Switching away from your standard Charmin is good, objectively. Despite issues with bamboo production and processing, it’s still far and away a superior environmental option to cutting wild forests. The idea — from Seventh Generation to Who Gives a Crap to the countless copycats — is a basically sound one.

That doesn’t mean that the copycats aren’t annoying. “The companies who are taking our donation approach, and making sure they’re shifting people away from virgin paper and ideally donating some of their profits? I think that’s great, and if one of them succeeds and beats us, more power to them,” Alexander says. “It’s the companies that are copying our model and either not shifting people towards a more sustainable option or delivering an inferior sustainable option, those hurt us and hurt the whole movement, and those are the ones I really get frustrated with.”

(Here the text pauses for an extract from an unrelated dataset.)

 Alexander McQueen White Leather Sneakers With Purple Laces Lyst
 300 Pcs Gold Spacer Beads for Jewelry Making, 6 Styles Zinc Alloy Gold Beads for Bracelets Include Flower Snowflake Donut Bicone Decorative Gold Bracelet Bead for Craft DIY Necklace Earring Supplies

Few companies are actually incorporating any donation elements. Better Planet plants trees, and the venerable Seventh Generation — the original in the space — donates 10 percent of its profits.

For Far, this is just another disruption enterprise. Copying is not really a concern; none of the companies that came before hers achieved massive success, so there’s still room in the market. “Of course anybody can do what I’m doing, but I think that branding is just like, no matter if somebody copies you, there’s just a different energy behind it, because who’s leading the brand has a specific voice, specific energy, a specific feel, and it either speaks to you or it doesn’t,” she says.

Like other well-intentioned disruptions, the new toilet paper makers are, probably, doing some good. On the one end of the scale is the possibility of actual, positive change. On the other end: consumerism, greenwashing, pandering millennial marketing. It feels impossible to avoid the joke, so here: The toilet paper industry is messy.